[Web page caption snippets]
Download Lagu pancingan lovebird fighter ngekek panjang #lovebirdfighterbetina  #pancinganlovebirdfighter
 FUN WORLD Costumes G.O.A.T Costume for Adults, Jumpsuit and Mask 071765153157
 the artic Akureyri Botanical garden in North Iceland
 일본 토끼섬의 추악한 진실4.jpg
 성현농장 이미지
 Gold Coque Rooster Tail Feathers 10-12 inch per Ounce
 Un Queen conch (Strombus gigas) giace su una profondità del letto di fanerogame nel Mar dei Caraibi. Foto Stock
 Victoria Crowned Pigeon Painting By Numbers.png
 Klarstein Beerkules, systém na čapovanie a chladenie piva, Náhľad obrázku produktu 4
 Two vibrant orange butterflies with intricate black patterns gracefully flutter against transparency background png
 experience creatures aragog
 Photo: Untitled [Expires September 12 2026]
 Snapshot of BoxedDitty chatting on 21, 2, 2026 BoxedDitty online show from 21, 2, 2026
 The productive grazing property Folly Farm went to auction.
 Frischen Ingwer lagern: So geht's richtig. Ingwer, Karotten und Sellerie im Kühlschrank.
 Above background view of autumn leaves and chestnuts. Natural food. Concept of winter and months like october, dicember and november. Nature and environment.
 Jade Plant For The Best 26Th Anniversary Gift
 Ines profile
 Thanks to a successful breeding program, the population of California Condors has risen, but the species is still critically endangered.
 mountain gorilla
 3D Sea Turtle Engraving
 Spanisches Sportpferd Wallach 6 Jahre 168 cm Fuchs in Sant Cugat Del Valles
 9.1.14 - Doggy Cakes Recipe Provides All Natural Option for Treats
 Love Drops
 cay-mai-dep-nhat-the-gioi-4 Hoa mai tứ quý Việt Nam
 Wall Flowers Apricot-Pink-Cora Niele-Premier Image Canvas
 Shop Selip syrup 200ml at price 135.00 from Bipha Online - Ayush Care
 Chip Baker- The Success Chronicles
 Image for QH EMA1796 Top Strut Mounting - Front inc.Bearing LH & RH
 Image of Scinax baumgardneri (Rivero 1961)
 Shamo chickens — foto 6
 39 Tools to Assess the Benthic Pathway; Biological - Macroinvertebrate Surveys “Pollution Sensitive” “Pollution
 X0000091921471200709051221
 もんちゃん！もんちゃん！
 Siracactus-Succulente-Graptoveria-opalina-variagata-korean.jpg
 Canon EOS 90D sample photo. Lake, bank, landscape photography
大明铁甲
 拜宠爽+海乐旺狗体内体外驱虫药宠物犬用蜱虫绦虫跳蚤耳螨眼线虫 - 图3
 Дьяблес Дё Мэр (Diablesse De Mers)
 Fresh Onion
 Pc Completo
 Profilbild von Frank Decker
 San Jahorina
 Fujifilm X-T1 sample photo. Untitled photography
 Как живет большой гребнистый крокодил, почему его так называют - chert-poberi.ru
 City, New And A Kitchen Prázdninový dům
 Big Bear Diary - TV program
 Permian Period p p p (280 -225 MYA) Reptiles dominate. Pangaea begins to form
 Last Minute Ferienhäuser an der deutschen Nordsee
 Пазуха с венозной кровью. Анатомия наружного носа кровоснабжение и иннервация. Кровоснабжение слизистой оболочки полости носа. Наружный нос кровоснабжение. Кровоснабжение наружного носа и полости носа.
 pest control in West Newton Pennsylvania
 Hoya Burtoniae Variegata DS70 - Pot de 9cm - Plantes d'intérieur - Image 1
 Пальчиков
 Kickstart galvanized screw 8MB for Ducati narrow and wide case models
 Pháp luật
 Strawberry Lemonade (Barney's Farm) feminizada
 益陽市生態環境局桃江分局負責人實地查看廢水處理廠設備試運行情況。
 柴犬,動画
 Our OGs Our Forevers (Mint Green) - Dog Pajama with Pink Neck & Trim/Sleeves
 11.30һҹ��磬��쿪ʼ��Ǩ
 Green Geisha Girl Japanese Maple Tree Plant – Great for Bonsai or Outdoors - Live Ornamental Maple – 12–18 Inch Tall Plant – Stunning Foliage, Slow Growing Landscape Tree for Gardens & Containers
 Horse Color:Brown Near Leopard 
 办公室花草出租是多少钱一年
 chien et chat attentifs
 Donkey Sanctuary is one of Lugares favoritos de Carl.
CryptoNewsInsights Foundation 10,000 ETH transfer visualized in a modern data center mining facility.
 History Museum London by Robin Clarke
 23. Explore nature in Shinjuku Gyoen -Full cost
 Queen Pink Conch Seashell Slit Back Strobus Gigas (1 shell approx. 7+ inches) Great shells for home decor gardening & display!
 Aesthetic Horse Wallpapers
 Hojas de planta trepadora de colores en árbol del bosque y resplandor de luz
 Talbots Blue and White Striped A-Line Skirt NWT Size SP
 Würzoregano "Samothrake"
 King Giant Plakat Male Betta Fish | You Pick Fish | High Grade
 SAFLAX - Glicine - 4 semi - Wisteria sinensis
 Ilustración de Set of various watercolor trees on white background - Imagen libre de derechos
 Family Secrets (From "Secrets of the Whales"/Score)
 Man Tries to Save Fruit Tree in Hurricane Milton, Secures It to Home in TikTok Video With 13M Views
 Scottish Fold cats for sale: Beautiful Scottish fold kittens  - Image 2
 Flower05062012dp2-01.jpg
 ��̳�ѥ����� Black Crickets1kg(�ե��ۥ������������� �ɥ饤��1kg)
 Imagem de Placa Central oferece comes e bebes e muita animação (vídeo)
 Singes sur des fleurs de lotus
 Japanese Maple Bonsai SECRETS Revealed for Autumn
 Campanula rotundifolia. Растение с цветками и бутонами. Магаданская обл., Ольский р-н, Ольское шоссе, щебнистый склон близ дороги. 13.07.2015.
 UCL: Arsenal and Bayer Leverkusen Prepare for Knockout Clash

◆ Work instructions ◆
Across the records, count the lines holding the string "Untitled". Give the number and stop.

◆ Answer ◆
2